All models are wrong

Things to consider when building distributed system

December 23, 2019

Define Distributed System (Informally)

In this document, Distributed Systems refers to Stateful software systems where there exists at least 1 operation that involves network call. In practice, distributed systems are normally concurrent.

Things to consider

Consistency model

Consistency models attempt to answer the following question:

Does our system preserve orders of operations? Under what constraints. Eg. If we write A, then B into a registry, are we guaranteed to observe the data in the same sequence?

This is important because in a stateful system, order of operations affect the state.
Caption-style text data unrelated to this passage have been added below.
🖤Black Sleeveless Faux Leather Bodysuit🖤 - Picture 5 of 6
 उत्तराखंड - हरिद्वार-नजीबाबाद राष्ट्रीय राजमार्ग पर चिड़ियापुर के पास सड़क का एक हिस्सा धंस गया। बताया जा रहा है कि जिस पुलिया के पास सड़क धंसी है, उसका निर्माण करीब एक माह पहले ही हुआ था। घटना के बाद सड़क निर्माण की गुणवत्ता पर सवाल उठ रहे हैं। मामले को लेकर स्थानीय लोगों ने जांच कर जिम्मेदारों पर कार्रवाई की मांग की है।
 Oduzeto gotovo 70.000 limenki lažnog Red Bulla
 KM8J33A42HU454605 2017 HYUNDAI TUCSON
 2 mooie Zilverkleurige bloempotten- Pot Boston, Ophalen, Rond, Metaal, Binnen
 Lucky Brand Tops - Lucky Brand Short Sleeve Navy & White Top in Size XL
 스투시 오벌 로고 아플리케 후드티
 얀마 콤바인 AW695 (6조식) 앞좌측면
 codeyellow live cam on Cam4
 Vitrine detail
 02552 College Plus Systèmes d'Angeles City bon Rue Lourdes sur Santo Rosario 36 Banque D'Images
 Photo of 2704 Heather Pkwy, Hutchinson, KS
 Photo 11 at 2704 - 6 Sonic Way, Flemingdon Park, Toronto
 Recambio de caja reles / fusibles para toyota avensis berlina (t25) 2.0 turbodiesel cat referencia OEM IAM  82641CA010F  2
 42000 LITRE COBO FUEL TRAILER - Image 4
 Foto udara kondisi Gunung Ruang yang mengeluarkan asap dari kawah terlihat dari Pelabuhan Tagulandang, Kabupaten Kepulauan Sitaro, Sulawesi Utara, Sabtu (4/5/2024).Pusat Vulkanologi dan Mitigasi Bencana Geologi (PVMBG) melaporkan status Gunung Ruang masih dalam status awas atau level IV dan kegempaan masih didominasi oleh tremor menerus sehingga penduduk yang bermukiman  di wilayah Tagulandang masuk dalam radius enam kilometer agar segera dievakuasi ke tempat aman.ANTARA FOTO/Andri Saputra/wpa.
In general, Operation A, Operation B is not equal to Operation B, Operation A. It is useful for participants of the system to be able observe operations in correct order.

There are many different consistency models, eg

Linearizability
Sequential consistency
Read your writes

and many more, aphyr documented a lot of them

Consistency model is likely one of the most complicated part of a distributed system, not only because the vast number of different models, but also because it tends to span across multiple operations, when talking about consistency model, we are talking about how multiple operations interact with a state, and what kind of guarantee are we giving to each of those operations.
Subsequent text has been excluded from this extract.